Auckland, Green Bay High School students outraged at glass bathroom doors, phone ban

Students at an Auckland high school are outraged at new measures designed to curb vaping and phone use, which include glass doors on the student bathrooms.  

A pair of students from Green Bay High School, who say they "aim to provide a voice to all students," have started an Instagram page called gbhs_official to make their voice heard, "come hell or high water".  

One key issue the students have taken issue with is glass doors in newly refurbished student bathrooms. 

The entrance door to the bathrooms is glass and fully see-through and there is a new window on the other side of the bathroom which means the bathroom's main area can be viewed from outside.   

Photos shared on the student's Instagram page show cubicles without doors, however, these doors will be installed eventually before renovations are complete and the bathrooms are back in use.   

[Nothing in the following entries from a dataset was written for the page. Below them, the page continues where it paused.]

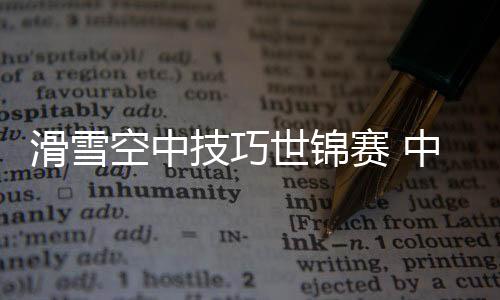 吸引了七支空中技巧强队参赛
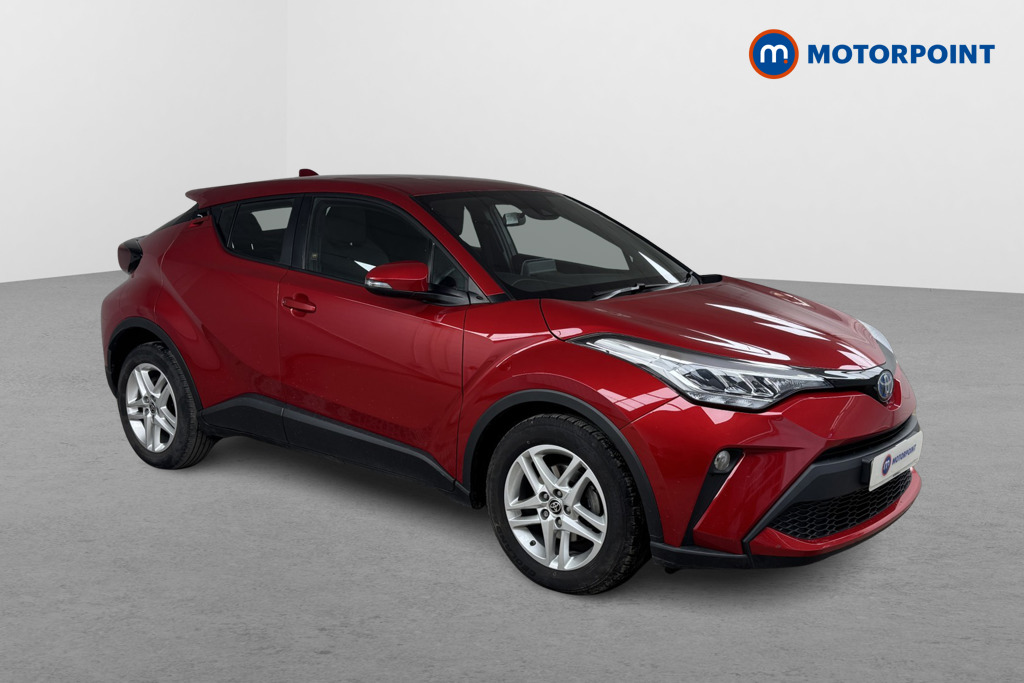Toyota C-Hr Icon Automatic Petrol-Electric Hybrid SUV - Stock Number (1550856) - Drivers side front corner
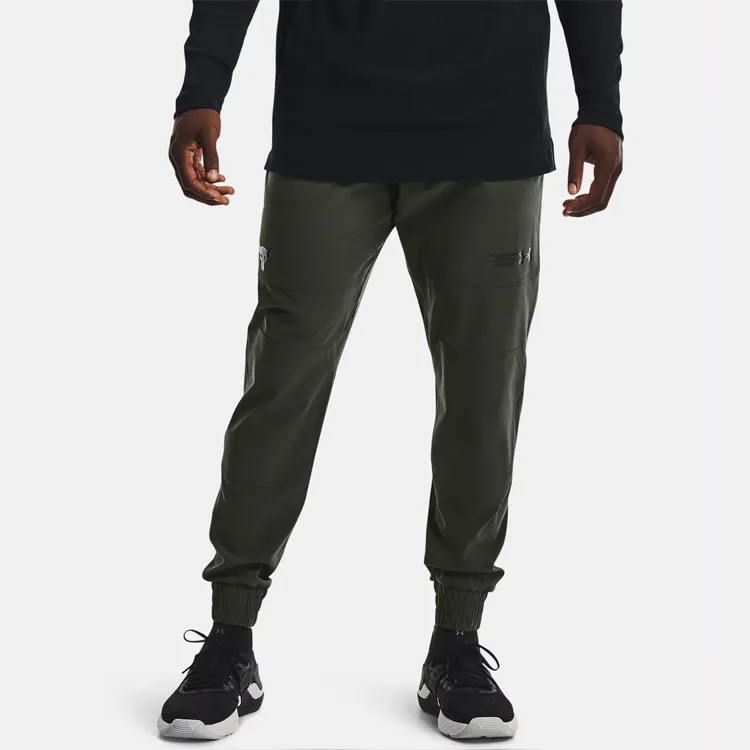 Under Armour Project Sports Pants Men Baroque Green-3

In a statement on the Green Bay High School website, the school said "older-style toilet blocks often become a place where students gather to socialise, and sometimes to vape or to vandalise the premises".

They hope that the new designs will curb this behaviour.   

They make clear that they have followed Ministry of Education guidelines when designing the bathrooms.   

As well as increased visibility into the bathrooms, the school is installing vape detection alarms and a camera monitoring the communal and handwashing areas.   

The school said their "systems and policies protect privacy for students, and in practice the footage is only reviewed on an as-needed basis".  

Students took issue with the bathrooms on Instagram.  

"Wtf is this," said one.   

"It looks like a prison cell," said another.   

One comment with 24 likes asked, "What if I need to have a breakdown?" implying that the bathrooms were not only used for rule-breaking and that the new set-up would compromise their privacy.   

Green Bay High School said, "There are times when students need extra support and a quiet space when there is a lot going on - and there are much better places than the toilet to go to when time out or support is needed".  

The high school directs students to their well-being centre as a preferable alternative.   

AM co-host Lloyd Burr said, "The actual cubicle doors aren't see-through so if you need a little bit of time, you can just go in there".  

However, he questioned the need for see-through doors if vape detection alarms were being installed.   

"I just think it's great that they're being proactive to try and solve what's becoming a very very big problem," said AM's Nicky Syris.   

Ministry of Education head of property Sam Fowler told the NZ Herald that as a school-led project, the final design detail of the bathroom was the school's responsibility. 

He confirmed the ministry advised schools to "provide a degree of passive surveillance into bathroom lobbies, without compromising cubicle privacy".  

He confirmed that cubicles must be fully enclosed and private.   

Phone ban  

The students behind the Instagram page are also taking issue with the ban on phones.   

The government's ban on phones in schools does not come into place until term two, but many schools are implementing it in term one.

In a post about the topic, the students declare, "This is a decree of war brought forth by the school we slave away at".

They told Newshub the new phone guidelines mean "students are feeling more isolated, anxious and ignored than ever before".  

They claim that their phones were a good method to relax that they will no longer have, a problem compounded by the loss of privacy in the bathrooms.   

The students also claim the phone ban will "further ostracize and isolate those who do not feel they have a friend group like I do, those who find it easier and preferable to listen to music or watch YouTube than to socialise".  

Their main message is the ban on phones and the bathroom surveillance do not tackle problems of "kids feeling overworked, unmotivated, anxious, depressed and at their breaking points," and may instead exacerbate the problems.